Weald of Kent school in Tonbridge will open a site in Sevenoaks in September 2017 with places for 450 girls, sidestepping a ban on new grammar schools.

Education Secretary Nicky Morgan has said the decision will not suddenly allow more schools to select by ability but was a "genuine expansion" of an existing school.

Mrs Morgan said the ban on new grammars would remain under a "statutory prohibition" passed by Labour in 1998 on new selective schools.

Image caption Nicky Morgan denied that the Weald of Kent decision would lead to lots of extra grammar schools

The Sunday Times reported that officials said the decision did not meet the suggested 60% threshold and advised Mrs Morgan she should make a "political judgement".

Feasibility

Commenting on the story, Ms Powell said: "The decision by ministers on this new grammar school looks like a clear attempt to subvert the law.

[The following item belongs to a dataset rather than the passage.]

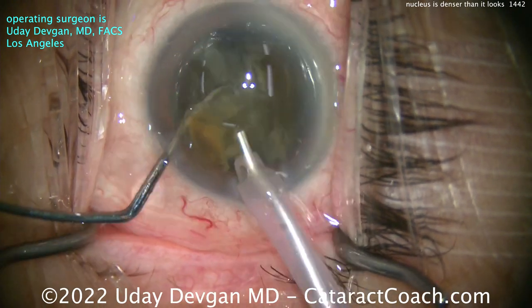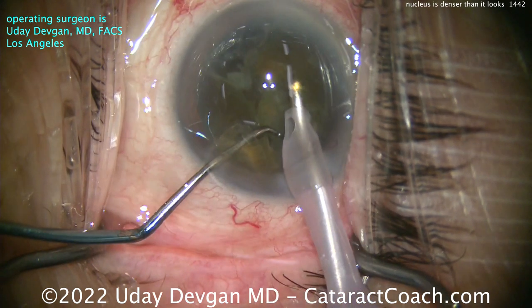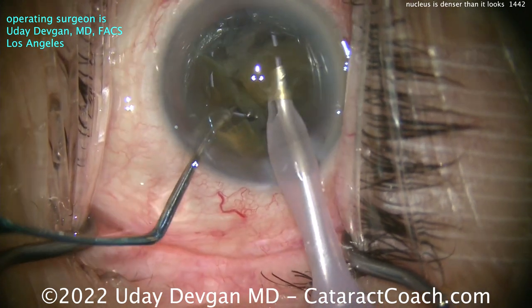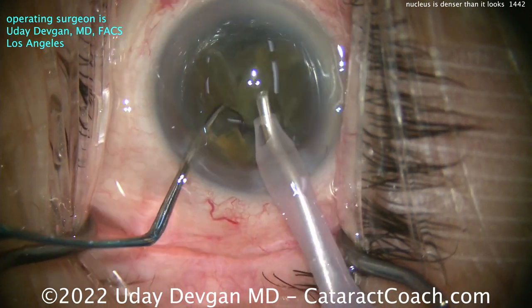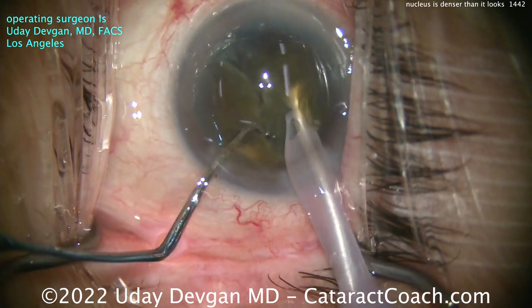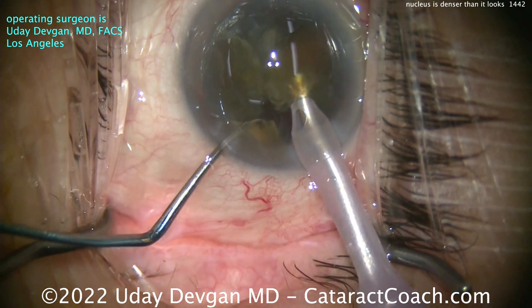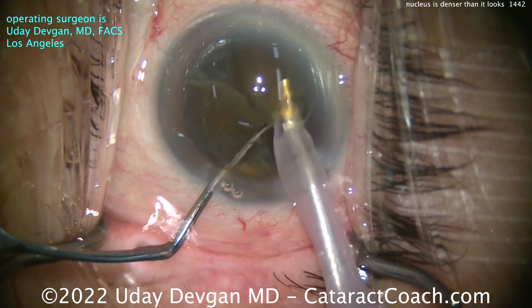Now you can see the nucleus comes up. There's certainly an increased density there. So I'll break off a little small piece of that first heminucleus, put the phaco probe in again, and let's see if we can further sub-chop it into smaller fragments. Still working kind of centrally at about the iris plane — I want to bring the pieces up. You can see now this nucleus certainly has a good amount of density.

"Nicky Morgan must now publish the advice ministers received so we can see the basis on which she made the decision to open the floodgates on the expansion of selective education in this country."

Ministers are likely to decline Labour's request for guidance to be made public as advice from officials is normally regarded as private and is, for example, exempt even from Freedom of Information requests, the BBC understands.

Margaret Tulloch of Comprehensive Future, a group which campaigns for equality of opportunity in education, confirmed they were taking advice on the feasibility of a judicial review of the decision in the High Court.

Ms Tulloch said that if the advice had been paid for with public money "it should be available to the opposition".

She added: "We argue for all schools to have an all-ability intake from year seven. We are not about bulldozing grammar schools."